Warren Buffett has offered a lot of timeless wisdom to investors over the years. Considering the recent turmoil in Cyprus, now is a good time to review a fellow named Mr. Market.
The Oracle of Omaha and chief executive officer of Berkshire Hathaway (NYSE:BRKA) (NYSE:BRKB) makes regular appearances on television, but his annual letters to shareholders still provide the biggest bang for your buck. In the 1987 letter, Buffett introduces readers to Mr. Market, a character that came into Buffett’s life from his teacher and the father of value investing, Benjamin Graham. Mr. Market is the mental attitude towards market fluctuations. He is reliable in the sense that he appears daily to provide market quotations. However, his mood is anything but reliable.
If Mr. Market was a real person, he would have a prescription for every bipolar pill under the sun, and it still wouldn’t be enough.
Buffett explains, “The poor fellow has incurable emotional problems. At times he feels euphoric and can see only the favorable factors affecting the business. When in that mood, he names a very high buy-sell price because he fears that you will snap up his interest and rob him of imminent gains. At other times he is depressed and can see nothing but trouble ahead for both the business and the world. On these occasions he will name a very low price, since he is terrified that you will unload your interest on him.”
Since the March 2009 bottom, Mr. Market has been very focused on only the good. In fact, the rebound in stocks is often referred to as the most-hated rally in history. Growth and unemployment concerns have been tossed aside in favor of Federal Reserve easing, apparently Mr. Market’s favorite medicine. Nonetheless, doubt is beginning to rise.
It is too early to tell if a larger pullback is underway, but stocks are feeling less certain about themselves than they did just a couple weeks ago. Cyprus stepped into the spotlight earlier this month by deciding to confiscate bank deposits to satisfy requirements for a bailout from international leaders. The small island in the Mediterranean Sea allowed its banking system to grow to roughly eight times gross domestic product, and now finds itself insolvent amid the euro-zone financial crisis. The decision to seize insured bank accounts with under 100,000 euros was ultimately reversed, but the damage is already done. Banks in the country have yet to reopen.
When confidence is lost, it can be extremely hard to regain. With capital controls and contagion fears spreading, Mr. Market appears to be turning a bit more cautious. Last week, the Dow Jones Industrial Average (NYSEARCA:DIA) finished in the red to break its four-week winning streak, while the S&P 500 (NYSEARCA:SPY) continues to struggle with making new all-time nominal highs. The decline is not even a blip in the bigger picture, but it is a clear contrast to pre-Cyprus movement.
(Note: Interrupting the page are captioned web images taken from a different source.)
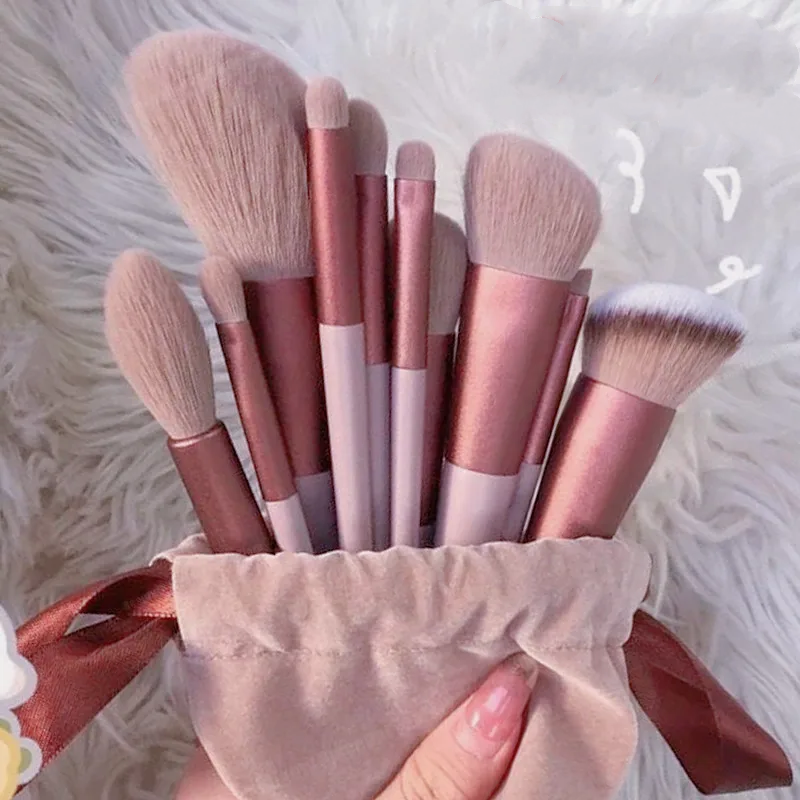 13-Piece Makeup Brush Set / Vitta Glow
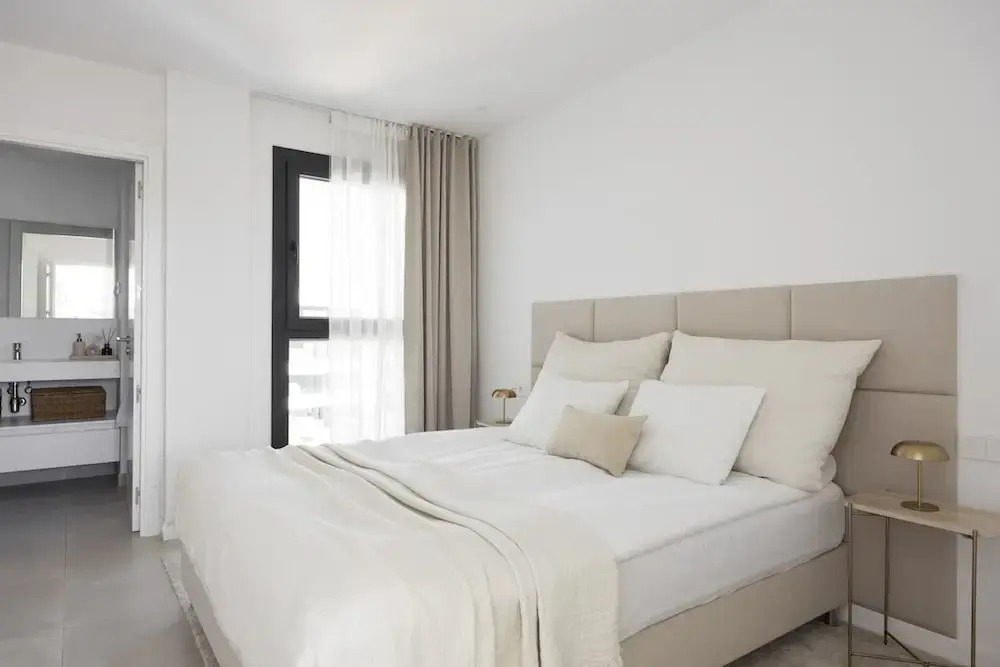 Stylish Luxury Suite With Terrace in Higueron
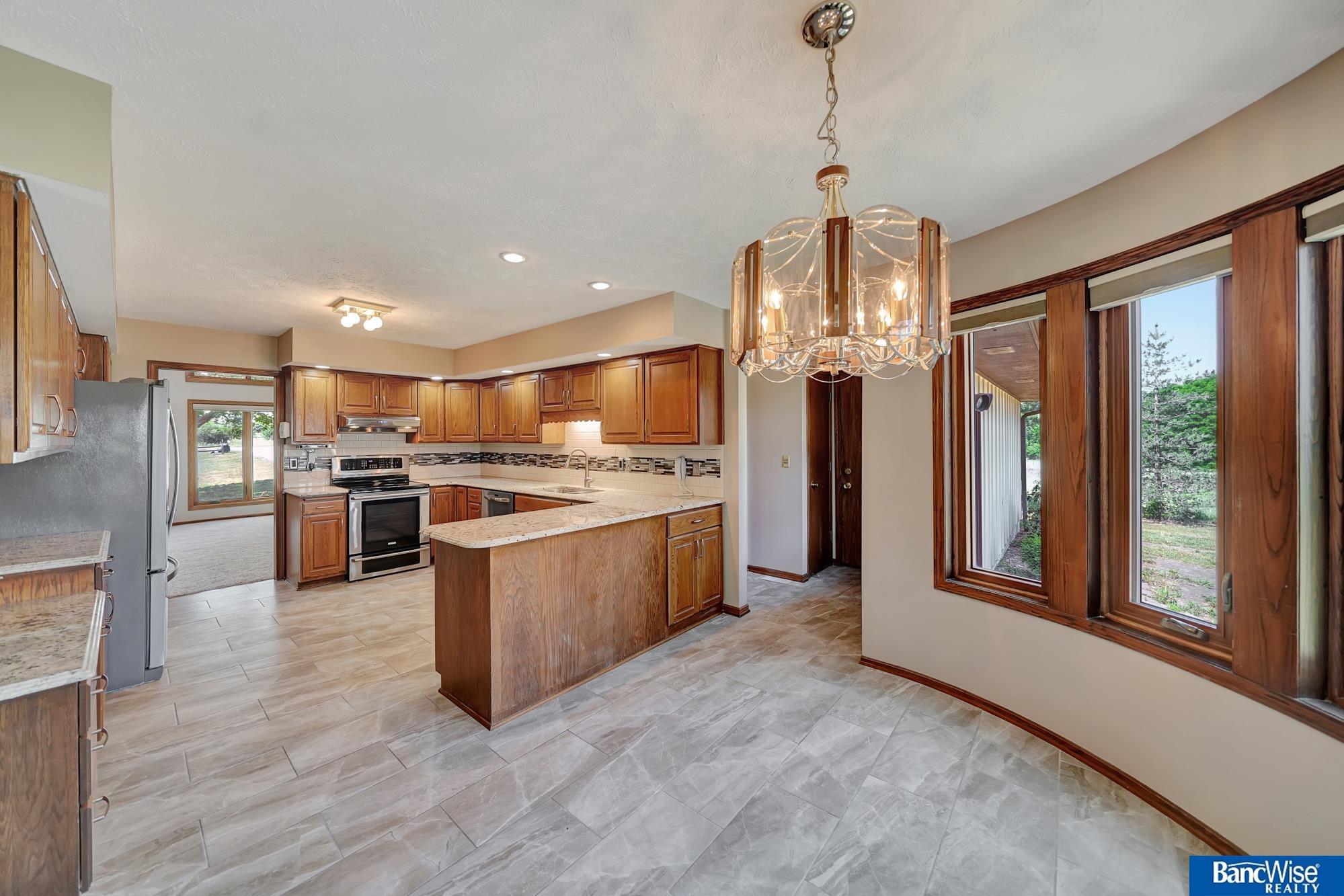 9700 Leighton Avenue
One of the most important things to remember about Mr. Market is that you can ignore him. If the Cyprus situation is causing too many unknowns for you, take a step back.
Buffett writes, “He doesn’t mind being ignored. If his quotation is uninteresting to you today, he will be back with a new one tomorrow. Transactions are strictly at your option. Under these conditions, the more manic-depressive his behavior, the better for you. But, like Cinderella at the ball, you must heed one warning or everything will turn into pumpkins and mice: Mr. Market is there to serve you, not to guide you. It is his pocketbook, not his wisdom, that you will find useful. If he shows up some day in a particularly foolish mood, you are free to either ignore him or to take advantage of him, but it will be disastrous if you fall under his influence.”
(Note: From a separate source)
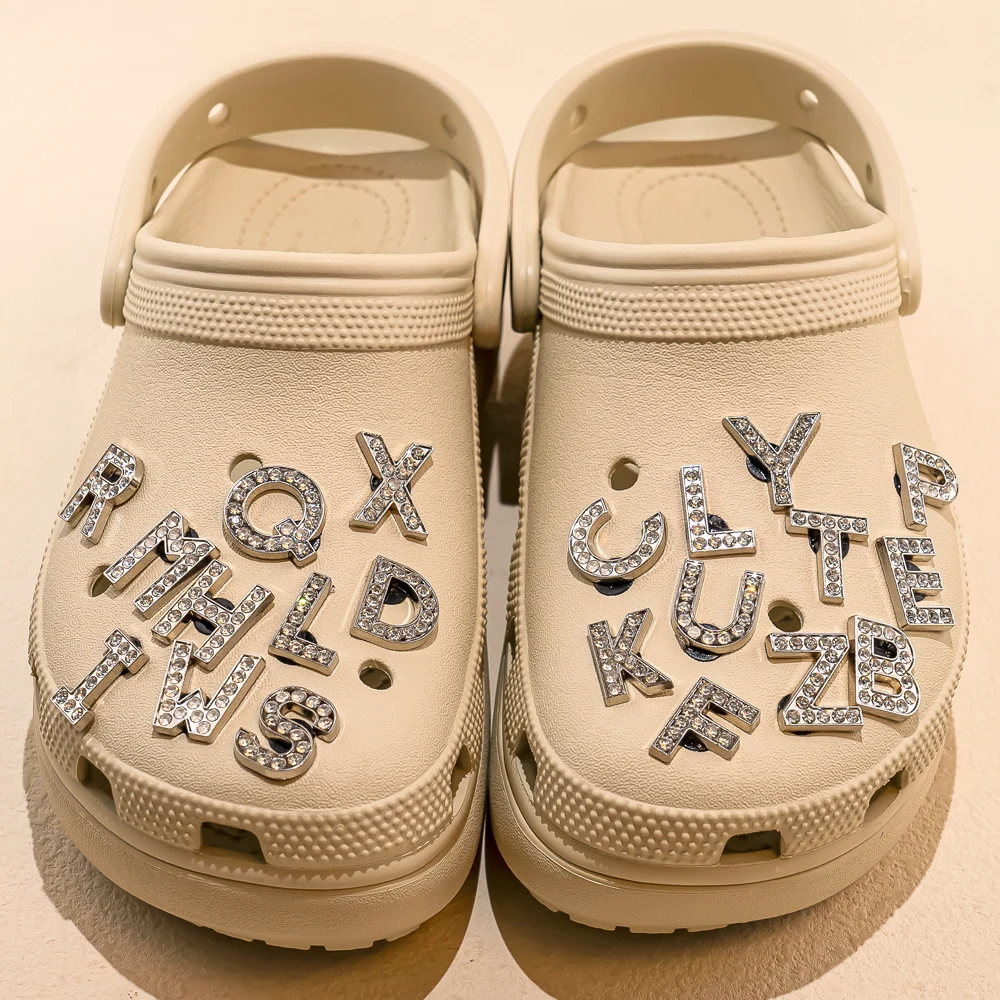 1 Stück silbrige Buchstaben, luxuriöse Schuhanhänger, Alphabet, Schuhdekorationen, Anstecknadeln für Gartensandalen, Frauen und Mädchen, glitzernde Geschenke – Detail 3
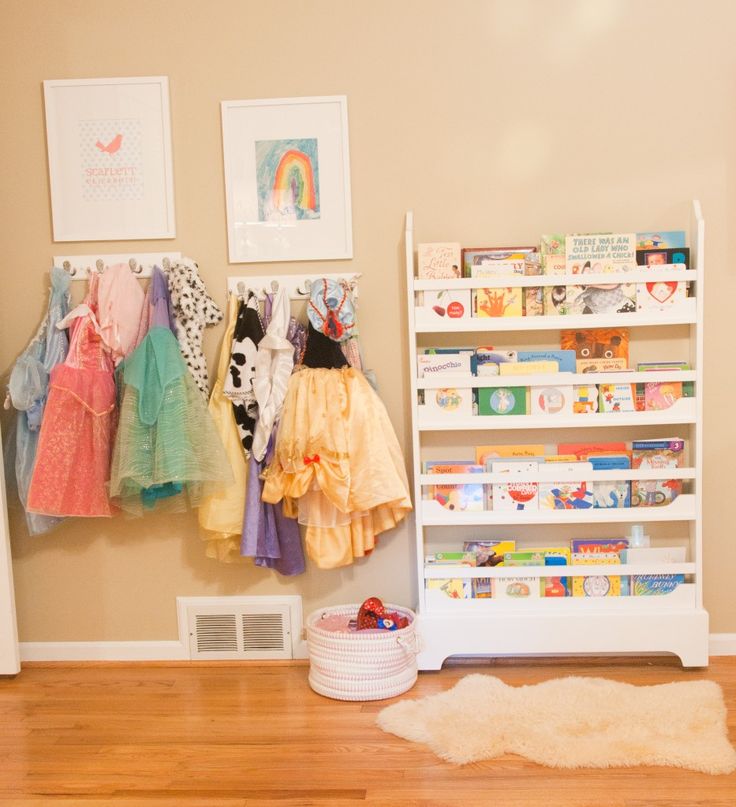 organizar fantasias das crianças - Just Real Moms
Even though central banks around the world are devaluing fiat currencies, the mantra that “cash is king” is still relevant. Cash on the sidelines should never be underestimated. If you are fully invested, you are unable to take advantage of the dramatic mood swings of Mr. Market. Buffett enjoys a good deal as much as the next guy, but he has pledged to keep a cash reserve of at least $10 billion to both withstand unprecedented insurance losses, and take advantage of Mr. Market.
The Cyprus situation, macroeconomic issues, and market intervention by central banks are tugging Mr. Market left and right. With volatility near multi-year lows, the mood swings are likely to increase in the future. However, if you don’t like the prices coming from Mr. Market, there is always tomorrow.